I Have a customer thats interested in a Crown Bimini BWC 150 boiler. I work with Weil-McClain boilers 90% of the time. I was just wondering if anyone has worked with these boilers and if there are any unforeseen problems I need to look out for. Thanks


----------



## nhmaster3015 (Aug 5, 2008)

Other that it being junk? :whistling2:


----------



## Abel Plumber (Sep 3, 2011)

Yeah i know, but he insists and is supplying it. I already told him he's not getting any kind of warranty from me.


----------



## whitey (Mar 17, 2011)

They aren't that bad. They are manufactured by burnham supposedly the burnham rep I buy from told me anyhow. I put 5 of them in last year and got 1 call back on one which ended up being a bad aquastat. I replaced out of pocket to get the customer heat on a Saturday night but the supplier wouldn't replace it for me. I can't say to much bad about them but I won't buy them anymore. This was on the aruba gas model by the way.


----------



## plbgbiz (Aug 27, 2010)

This is the only Crown Boiler I'm interested in....


----------



## incarnatopnh (Feb 1, 2011)

I have done a few crown boilers, they aren't that bad. I haven't put in the bimini model but the 80% boilers are decent.


----------



## trick1 (Sep 18, 2008)

I took some training on them....I never sought them out to specify though...

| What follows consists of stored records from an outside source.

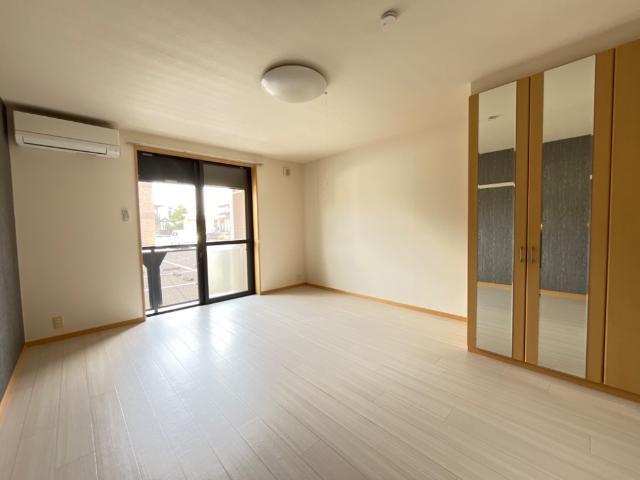 バロンドール 部屋画像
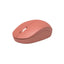 Port Connect MOUSE COLLECTION II WIRELESS Terracota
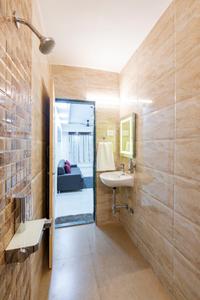 Project Image of 0.0 - 1850.0 Sq.ft 2 BHK Villa for buy in Doshi Row Houses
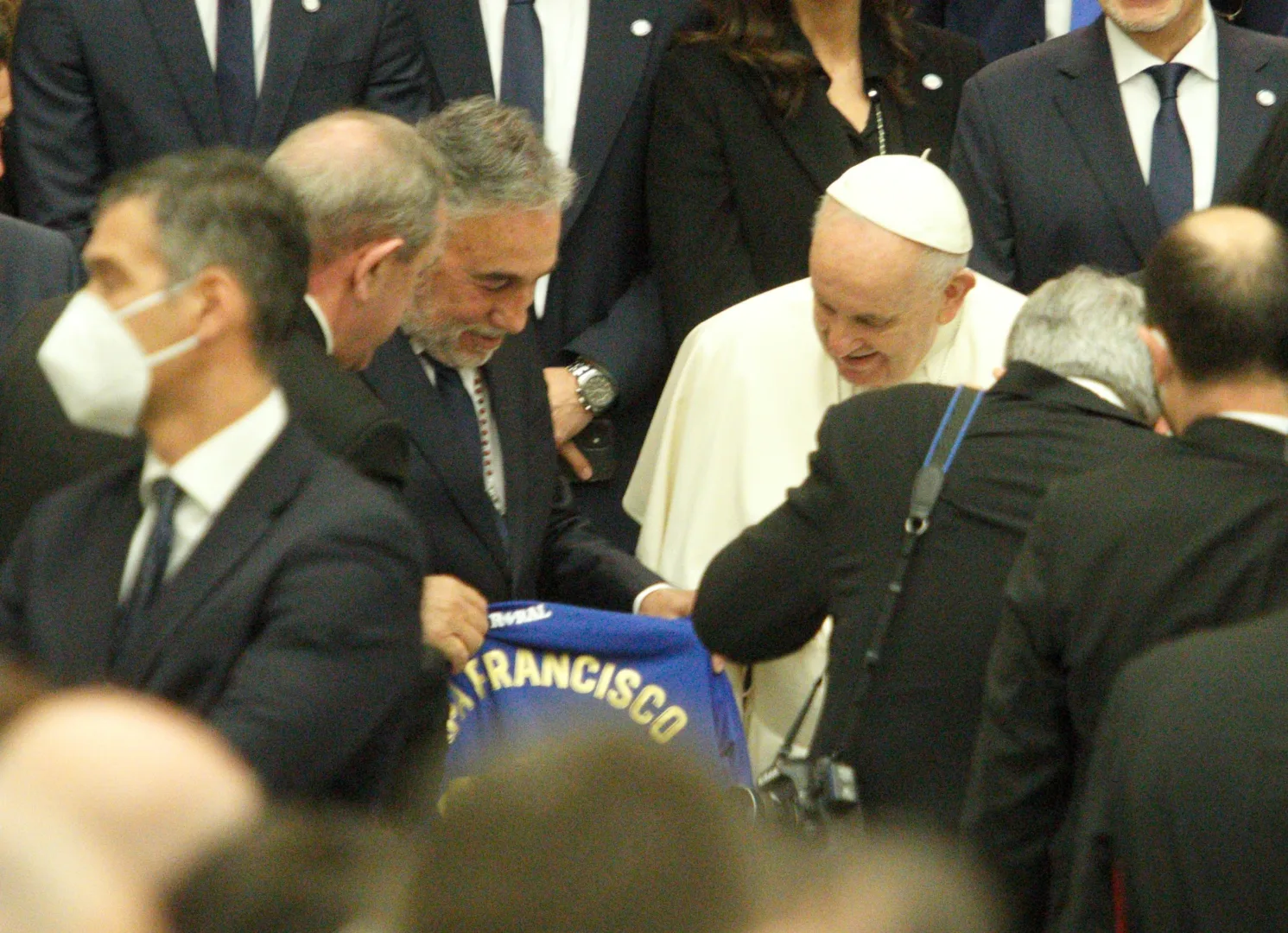 Fallece el Papa Francisco a los 88 años tras una complicada convalecencia en Roma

I've always been a Utica guy ..


----------



## ZL700 (Dec 8, 2009)

For 1, it's a cast aluminum boiler. 
Not worth the hassle over the concerns.


----------



## mtfallsmikey (Jan 11, 2010)

*Geez alert!*

Sold a few years ago, was always a Burnham man myself...still miss the old Arcoliners


----------



## trick1 (Sep 18, 2008)

mtfallsmikey said:


> Sold a few years ago, was always a Burnham man myself...still miss the old Arcoliners




I still have a some of those in service......we had to actually install corbels at the back of the exchanger to slow down the draft..... you could suck up a small pet with those flue passages!!


----------



## vinpadalino (Aug 27, 2010)

I installed a lot of oil fired Crown. Works like the rest of them.


----------



## gtmechanic (Feb 15, 2009)

*crown boiler*

crown, same as burnham independence , cheaper jacket thou,


----------